Robert Fruit has 20 years experience using computers to solve business' problems. For the last ten years that work has been with PC computers. He frequently contributes articles to various computer magazines. He can be contacted at Simulation Rule, P.O. Box 295, Clarendon Hills, IL, 60514
Hardware locks, an alternative to copy protection schemes, are more reliable now than they were in the past. For this reason, I wrote this article to provide you with enough information to decide if hardware locks should be investigated. This is not a review of hardware locks, and no recommendations will be made about which ones work better than others. For a list of manufacturers, see Figure 1.

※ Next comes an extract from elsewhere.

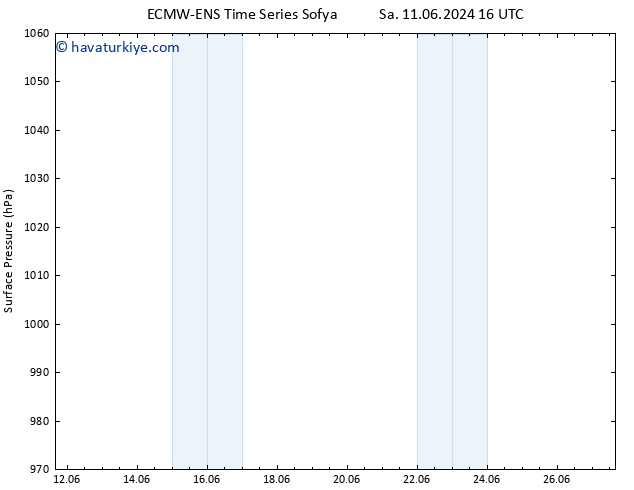 Yer basıncı ALL TS Sa 11.06.2024 16 UTC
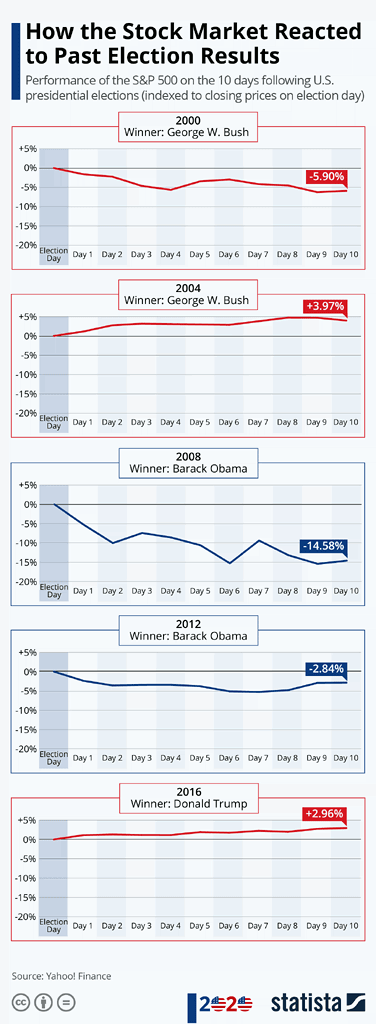 Performance of the S&P 500 on the 10 Days Following U.S. Presidential Elections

Hardware locks consist of two parts. The first part is the physical lock, a plastic piece about two-inches square with 25-pin connectors on each end. Physical locks usually attach to the computer's printer port, but are available for both the parallel and serial ports. Inside the physical lock is an EEPROM. The lock manufacturer puts special codes and algorithms on the EEPROM chip. The manufacturer will not tell you, nor is it necessary for you to know, what those codes and algorithms are. The physical lock communicates over the printer's signal lines, not the printer's data lines, to prevent any conflicts with the printer's normal operations. The physical lock receives those signals, modifies them based on its internal codes and algorithms, and returns an encrypted value.
The second part of a hardware lock is the lock program module, an object program that can be linked into the subject application. The lock program module handles the direct communications with the physical lock. Based on the signals received from the physical lock, the lock program module will return a value that confirms the presence or absence of the physical lock. The application then uses this value to decide whether or not to continue running.
It is the application's responsibility to learn the result of the lock test, interpret that result, and then provide an action if the lock is absent. Also, the application should test for the lock periodically to prevent the lock being moved to another computer to start an illegal copy. Exiting to the DOS prompt should be an adequate response if the program just started. However, if the lock test fails after the application has been running for a while the application should give the user the chance to save before returning to the DOS prompt. Important data may reside in the computer's memory, but not on a hard or floppy disk, so a direct exit to DOS would cause a loss of data.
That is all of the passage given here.